Escribí durante seis meses y concluí que la novela no iba a ninguna parte. Escribía sobre los juegos de los niños y sus amigos en un lote baldío cerca de una cárcel llamada La Casona, pero me costaba hacerlos ingresar de manera natural a la cárcel. Además, las historias de los presos eran harto más interesantes que las de esos niños. Me puse a buscar modelos de cárcel en el que hubiera un fácil trasiego entre el interior y el exterior y en el que los niños vivieran con los adultos. Recordé un noticiero que vi hace un par de años y que presentó un reportaje acerca de unos niños que, todas las mañanas, salían del penal de San Pedro –en La Paz, Bolivia– para ir al colegio, y volvían luego al penal, su casa, al mediodía. En algunas tomas se veía a los niños jugando fútbol en el patio; en San Pedro los presos podían vivir con sus parejas –esposas, concubinas— y sus hijos. Había encontrado la topografía, el espacio que serviría de inspiración a la Casona. Tiré a la basura el manuscrito que tenía y comencé de nuevo.
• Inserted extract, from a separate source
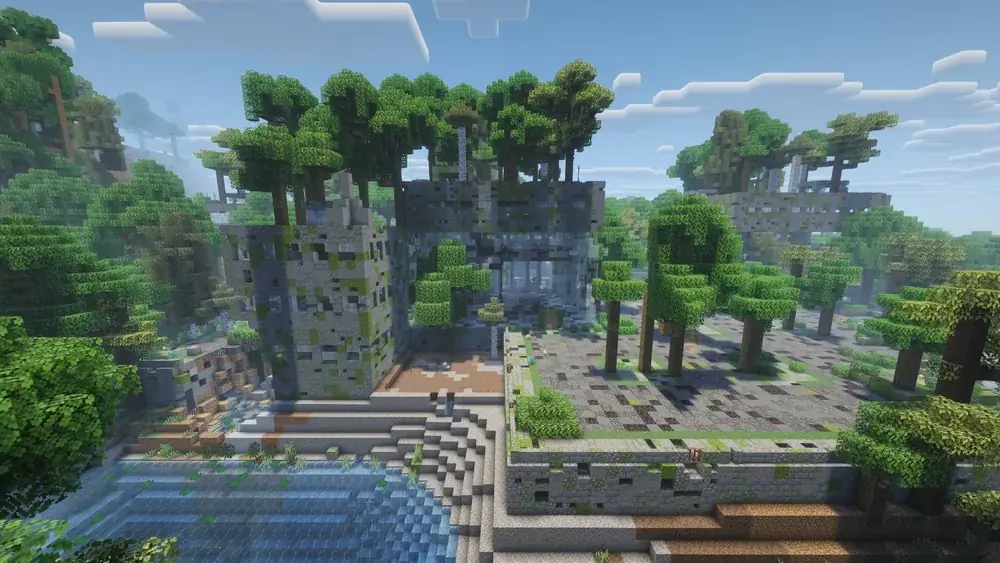 Ruins in the middle of the jungle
En El deseo del lápiz, el escritor puertorriqueño Eduardo Lalo escribe: “La cárcel es una superciudad, una práctica de urbanismo extremo… Es el interior mejor organizado y más inexpugnable; el exterior más sólido defensivo y delimitado. Es hasta tal punto ciudad que apenas tiene que tomar en cuenta a la que se encuentra con solo cruzar una de las avenidad colindantes”. Esas frases se aplicaban de manera literal a San Pedro y a mi Casona: quería un microcosmos, una ciudad dentro de la ciudad, un mundo regido por sus propias leyes y con un vocabulario particular (para mí cada proyecto narrativo es sobre todo una nueva forma de acercarse al lenguaje). Esto daba para una alegoría —el mundo como una prisión—, pero a una novela la sostienen los detalles, y yo quería explorar, de la manera más minuciosa posible, cómo circulaba el poder en ese espacio; como se creaba un nuevo tejido de relaciones que permitiera la construcción de una comunidad; cómo la violencia podía ser una forma de lenguaje e inscripción de un deseo y una autoridad en los cuerpos de los otros; cómo se utilizaba la ley como moneda de cambio; cómo funcionaban la fe y la religión más allá de las instituciones.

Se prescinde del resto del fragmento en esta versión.